Re: [DISCUSS] FLIP-572: Introduce Flink-Kafka Transactions Management Tool

Aleksandr Savonin Tue, 31 Mar 2026 05:33:46 -0700

Hi Hongshun Wang,
thanks for your interest in this topic!

> To mitigate this, I suggest embedding transaction abort logic directly into 
> the sink's shutdown path


Flink already has abort logic in the shutdown path, but it is not
enough to prevent lingering transactions in the scenarios described in
the FLIP, when the Flink process terminates unexpectedly. E.g., when
the JVM crashes or is OS-OOM-killed, no shutdown hook runs and no
cleanup occurs.
On top of that, the shutdown path can only abort, not commit. The data
may have been successfully checkpointed by Flink, but the checkpoint
completion notification may not have been received yet, so the
shutdown path cannot safely execute a commit. Aborting this
transaction means losing data that Flink considers successfully
delivered.
The CLI tool's commit operation is the only way to recover this data.
The tool is designed as a complement to Flink's built-in cleanup, not
a replacement, it covers the gap that no in-process mechanism can
fully close.


> the 15-minute transaction timeout window makes it operationally fragile.
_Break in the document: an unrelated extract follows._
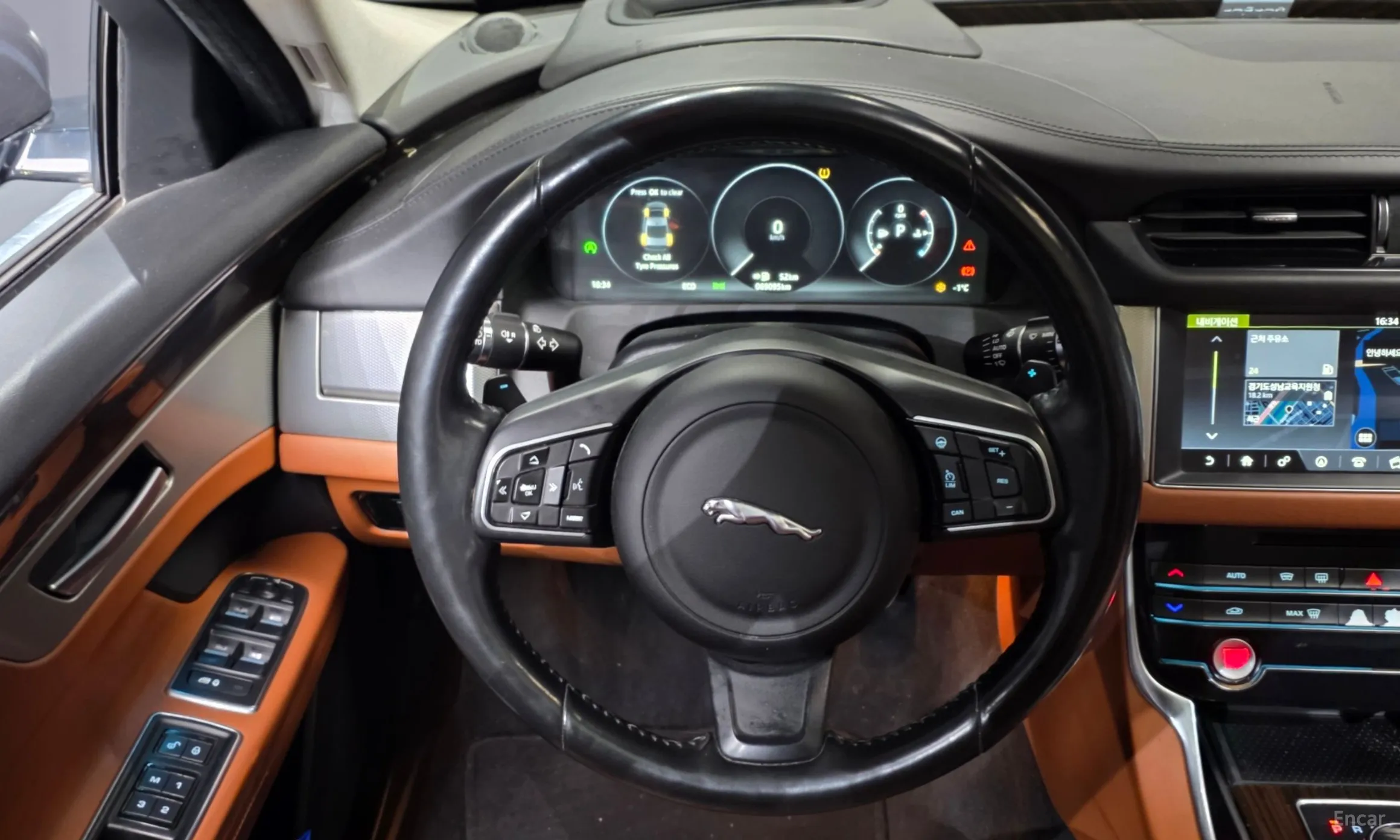 Jaguar XF (x260) превью 13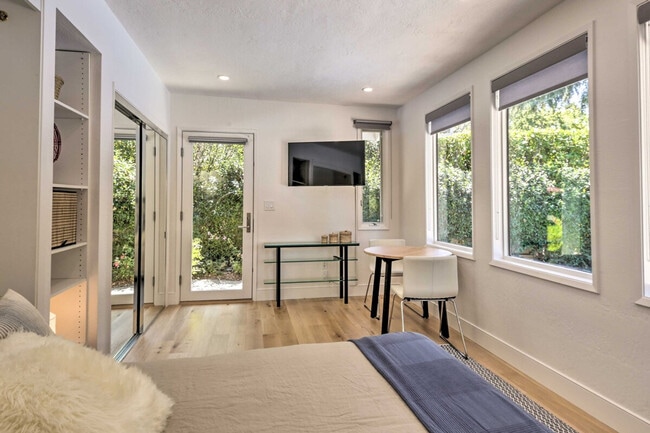 Building Photo - 155 E Creek Dr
You are probably referring to the broker's max.transaction.timeout.ms,
which defaults to 15 minutes. Flink's default transaction.timeout.ms
is 1 hour (see KafkaSinkBuilder.DEFAULT_KAFKA_TRANSACTION_TIMEOUT).
The KafkaSink docs highly recommend tweaking the Kafka transaction
timeout, otherwise data loss may happen. If data loss is unacceptable,
operators may increase it further, making the window where downstream
consumers are blocked even longer (hours or days), which strengthens
the case for a tool that can resolve the situation immediately.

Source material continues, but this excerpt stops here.